> [Your objective]
Write the listing below out again word for word, without a single picture.

> [Provided material]
━━━━━━

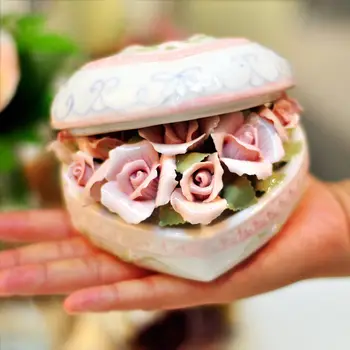 Fashion Ceramic Flower Music Boxes Roses Creative Birthday Gifts for Girls Boys New Murals Home Decoration Music Boxes Ornaments
Fashion Ceramic Flower Music Boxes Roses Creative Birthday Gifts for Girls Boys New Murals Home Decoration Music Boxes Ornaments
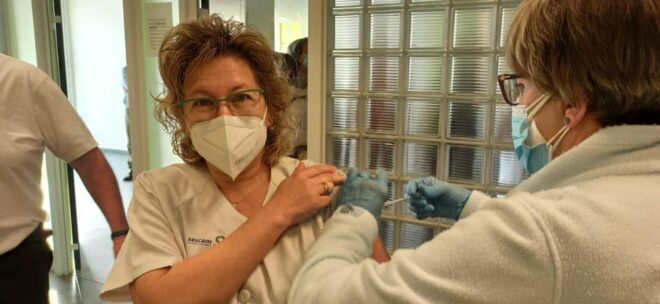 Ya han recibido la primera dosis de la vacuna contra el Covid-19 todos los profesionales sanitarios del CEDT de Tarancón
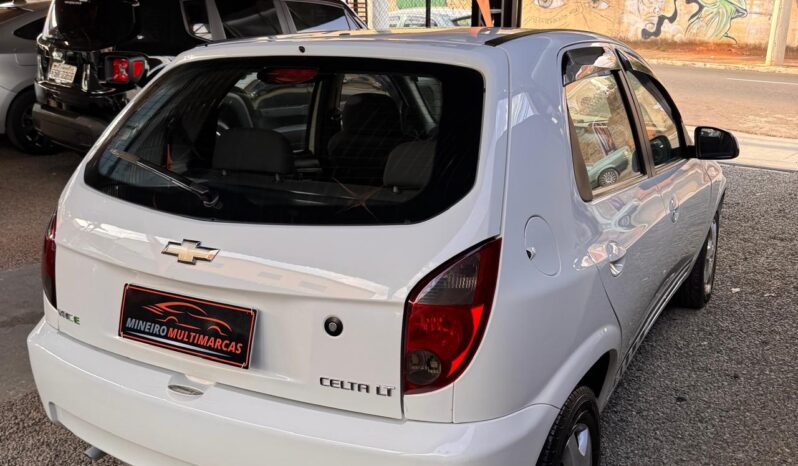 
								Chevrolet Celta completo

━━━━━━

> [Solved problem]
 Fashion Ceramic Flower Music Boxes Roses Creative Birthday Gifts for Girls Boys New Murals Home Decoration Music Boxes Ornaments
Fashion Ceramic Flower Music Boxes Roses Creative Birthday Gifts for Girls Boys New Murals Home Decoration Music Boxes Ornaments
 Ya han recibido la primera dosis de la vacuna contra el Covid-19 todos los profesionales sanitarios del CEDT de Tarancón
								Chevrolet Celta completo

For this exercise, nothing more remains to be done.